ACTIVITY
In the entries below, repeat only the lines between those holding "Tỷ phú Jeff" and "#soul #spirituality #self", inclusive. Leave pictures out.

Data excerpts
Start of Block

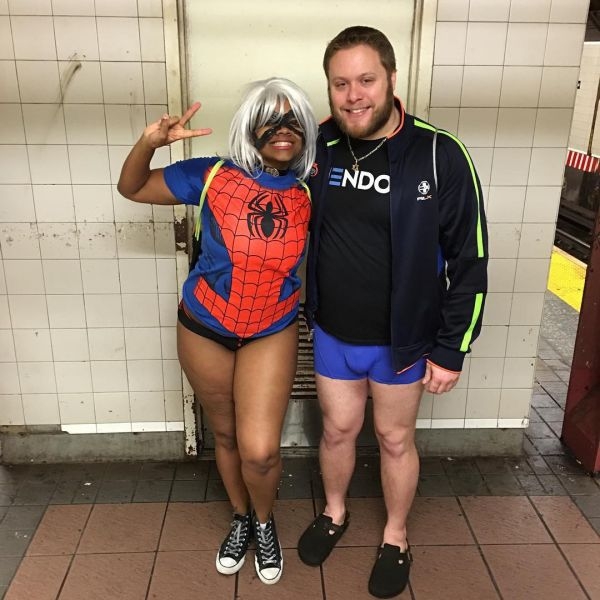По миру прокатилась волна флешмоба "В метро без штанов"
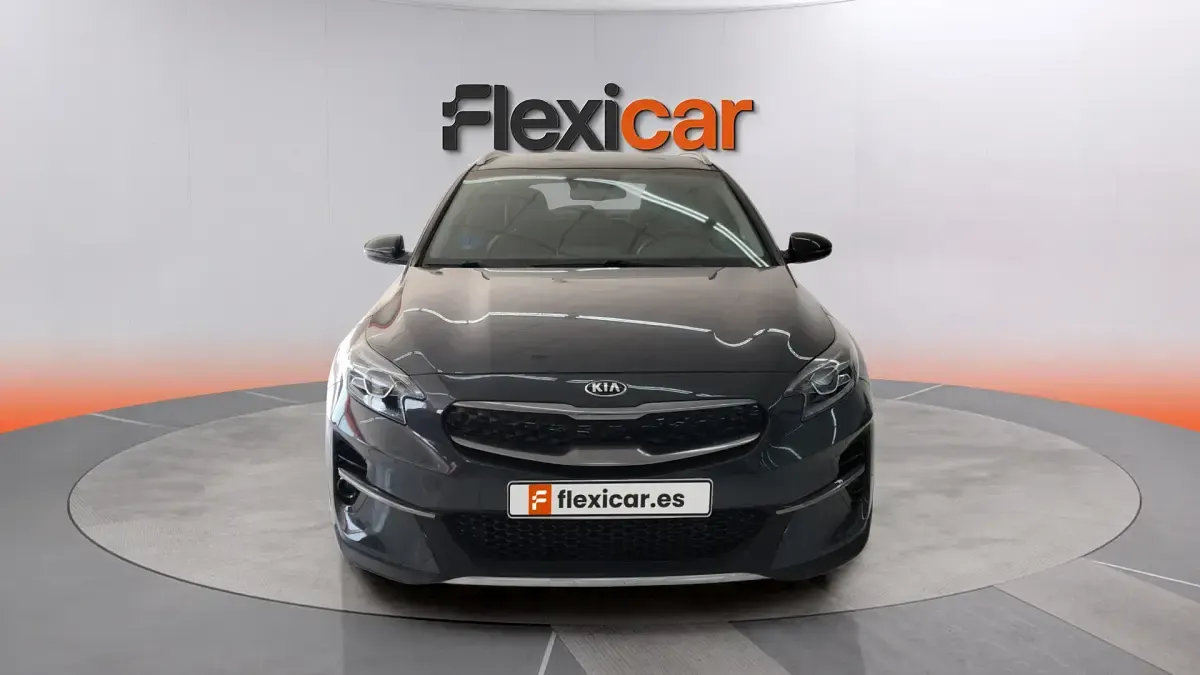 Usado Kia Ceed 160 CV (117 kW) 2021 Gris Utilitario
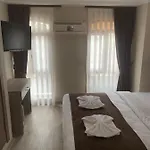 Luna Taksim 3*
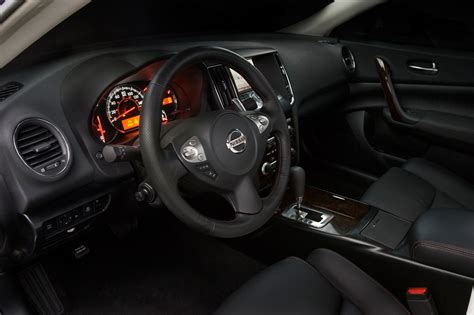 2011 Nissan Maxima US pricing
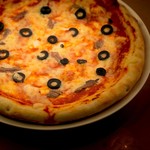 MEAT & PIZZA バルコラボ - アンチョビとブラックオリーブのピザ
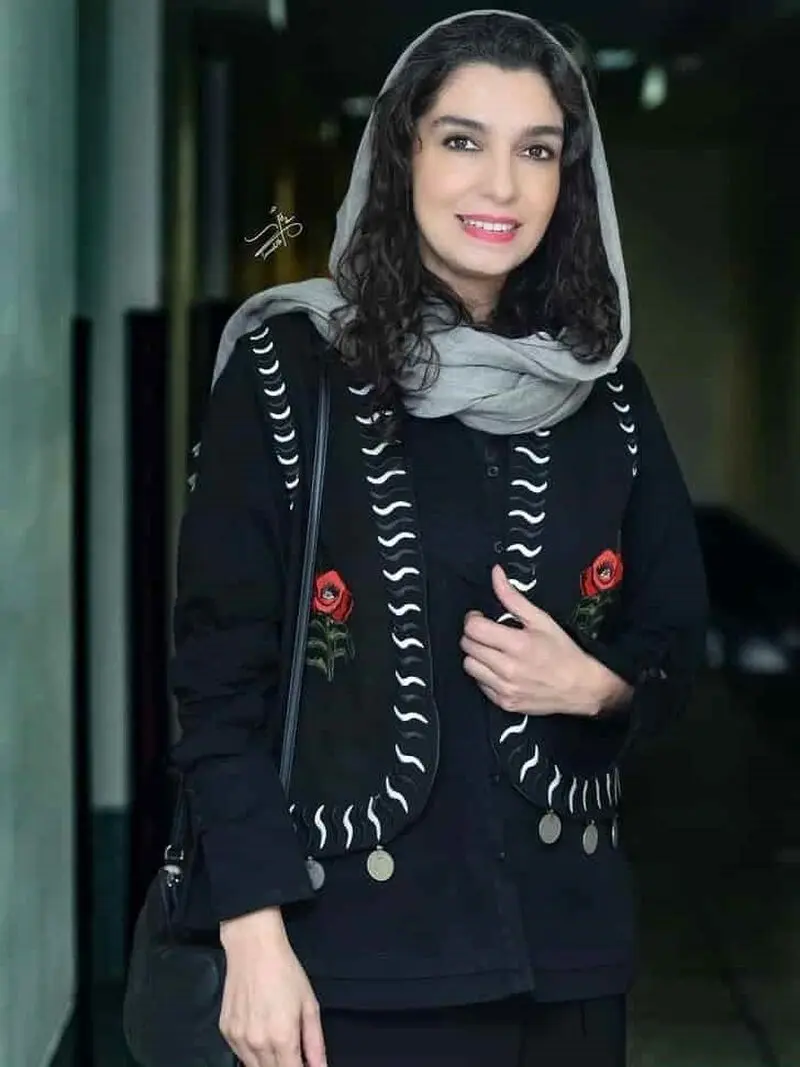 الیکا عبدالرزاقی ۱ 2 1.jpg 1 edited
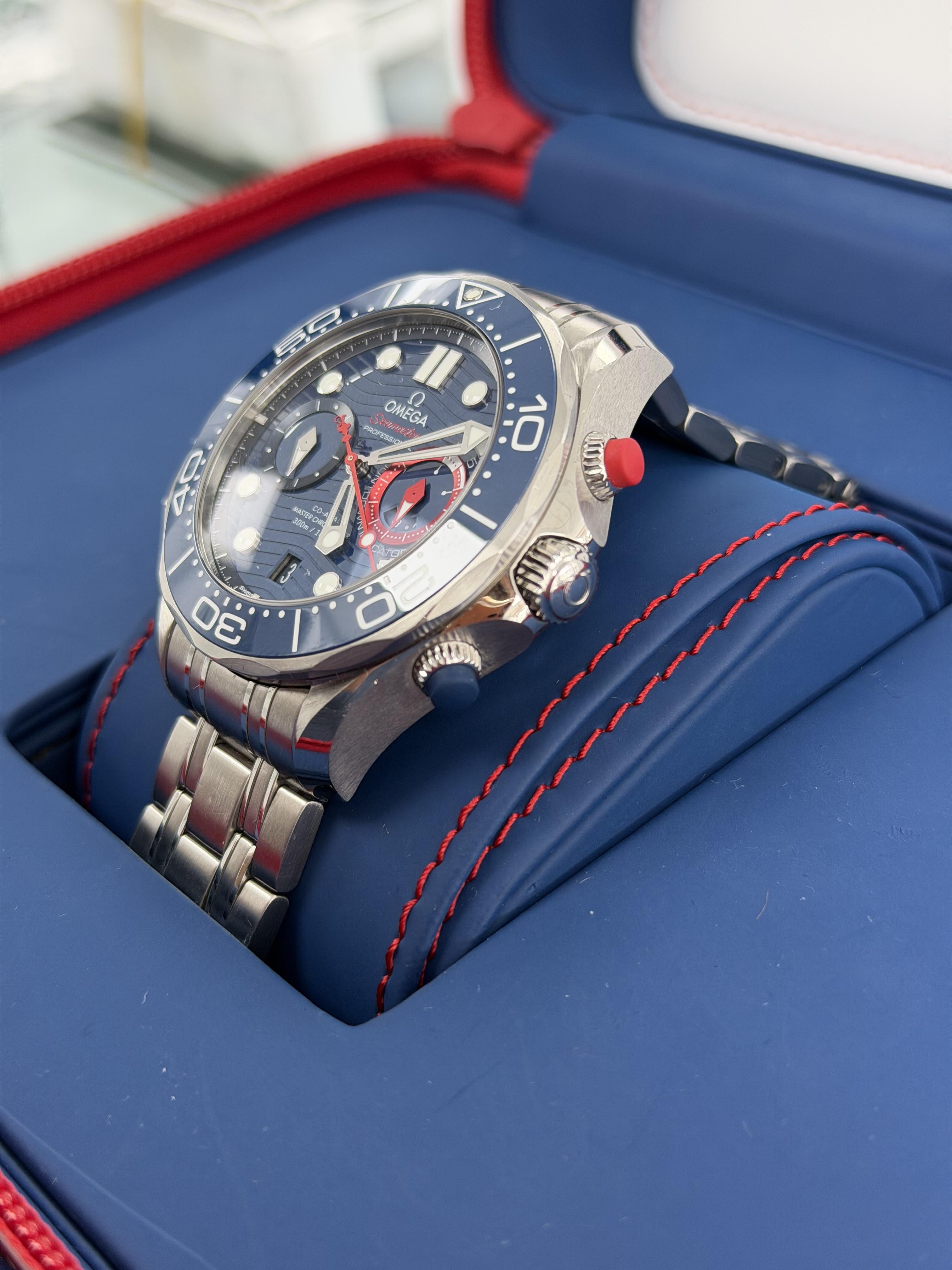 2021 Omega Sea-Master Diver 300M America's Cup 210.30.44.51.03.002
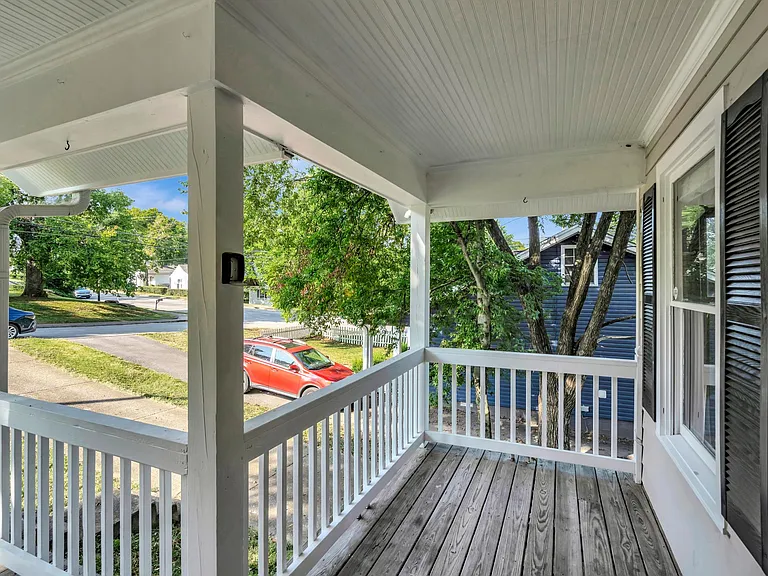 3520 Elkins Ave — Photo 3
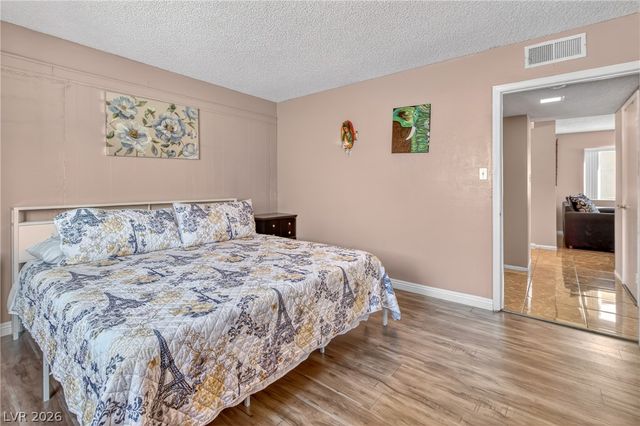 4302 Cloverhill Court, Las Vegas, NV 89147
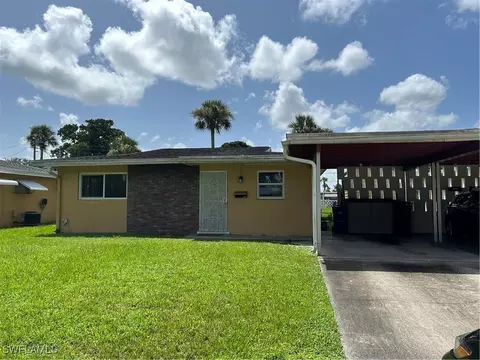 2204 E 6th St, Lehigh Acres, FL 33936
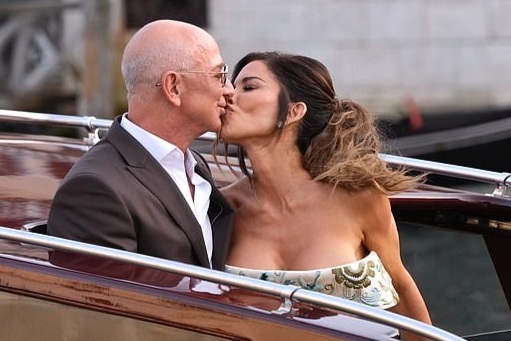 Tỷ phú Jeff Bezos và MC nóng bỏng đã kết hôn, ký hợp đồng tiền hôn nhân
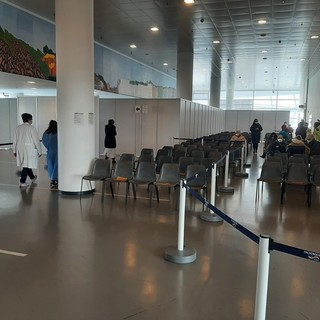 Covid, in aumento i positivi: l'Asl2 “spinge” sugli open day vaccinali al Palacrociere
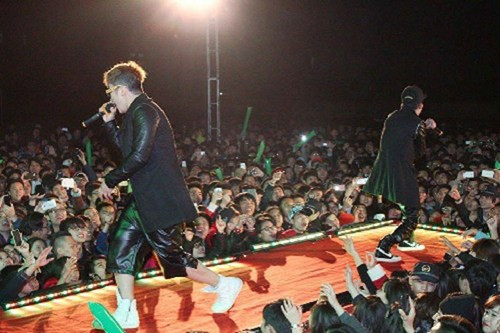 Scandal đầu tiên của Yanbi là hát tục. Tháng 12/2013, tham gia show diễn "Young Music" tại Hải Phòng, Yanbi và Mr.T đã hùa theo khán giả chế lời tục tĩu ca khúc "Thu cuối". Hành động này đã vấp phải sự phản ứng dữ dội của dư luận.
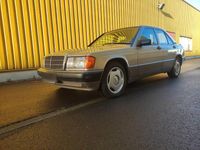 Gebraucht Mercedes 190 109 PS (80 kW) 1992 Silber Limousine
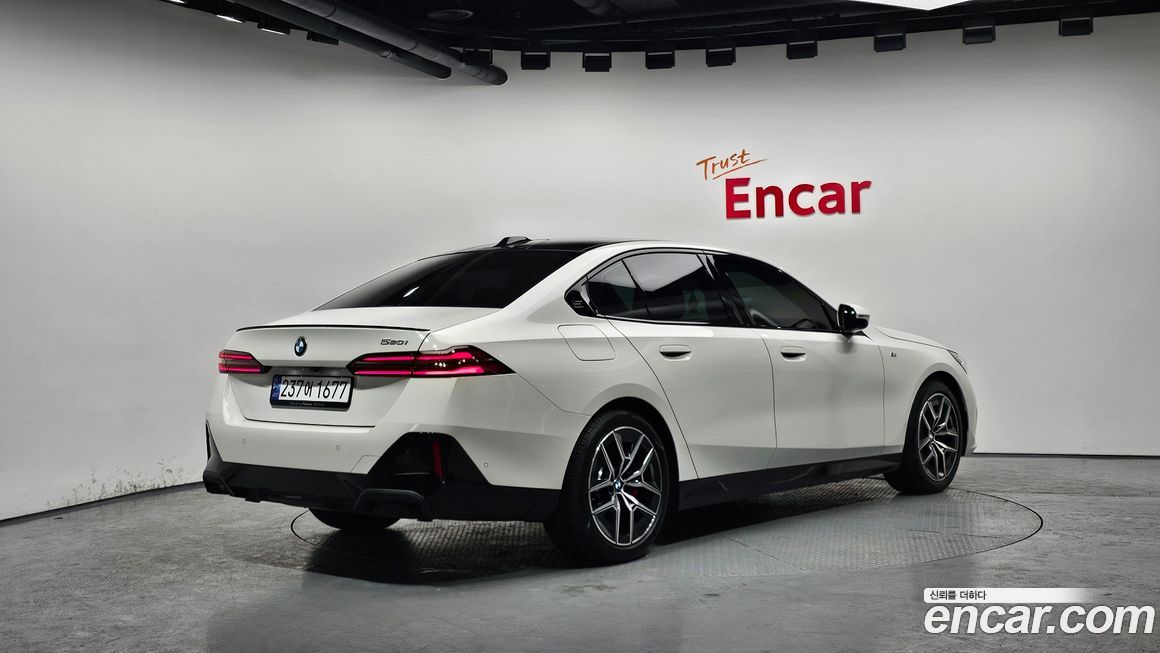 BMW 5-Series 2024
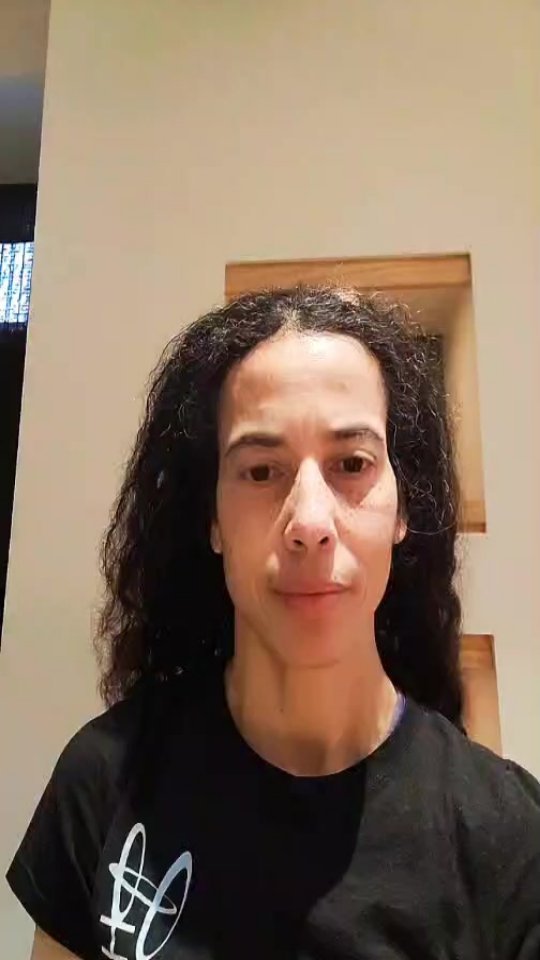 Inner Royalty
We all have a #royal side... #gracious, #dignified, #respectful. And that royal way of moving thru the world fuels our own #happiness. We just need to awaken it and express it.
#soul #spirituality #self #mind #innerworld #innerpotential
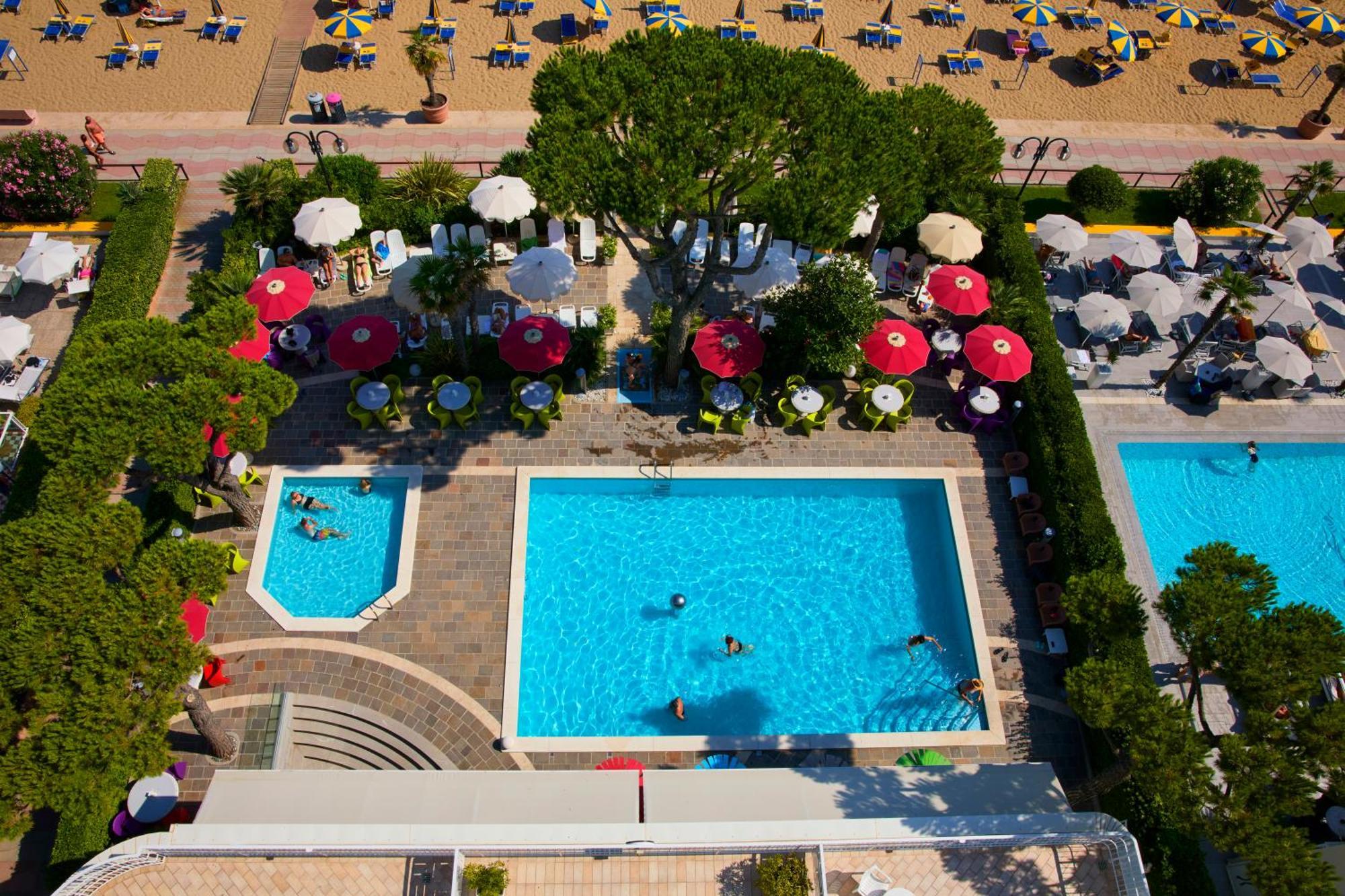 Termini Beach Hotel & Suites Τζεσόλο Λίντο Εξωτερικό φωτογραφία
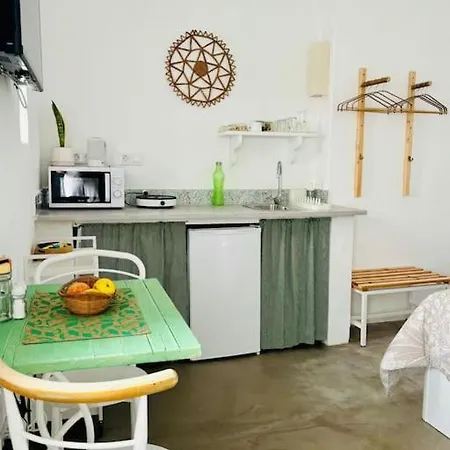 Casa Kira Camarote, Macher * Tías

End of Block

OUTPUT OF THE TASK
 Tỷ phú Jeff Bezos và MC nóng bỏng đã kết hôn, ký hợp đồng tiền hôn nhân
 Covid, in aumento i positivi: l'Asl2 “spinge” sugli open day vaccinali al Palacrociere
 Scandal đầu tiên của Yanbi là hát tục. Tháng 12/2013, tham gia show diễn "Young Music" tại Hải Phòng, Yanbi và Mr.T đã hùa theo khán giả chế lời tục tĩu ca khúc "Thu cuối". Hành động này đã vấp phải sự phản ứng dữ dội của dư luận.
 Gebraucht Mercedes 190 109 PS (80 kW) 1992 Silber Limousine
 BMW 5-Series 2024
 Inner Royalty
We all have a #royal side... #gracious, #dignified, #respectful. And that royal way of moving thru the world fuels our own #happiness. We just need to awaken it and express it.
#soul #spirituality #self #mind #innerworld #innerpotential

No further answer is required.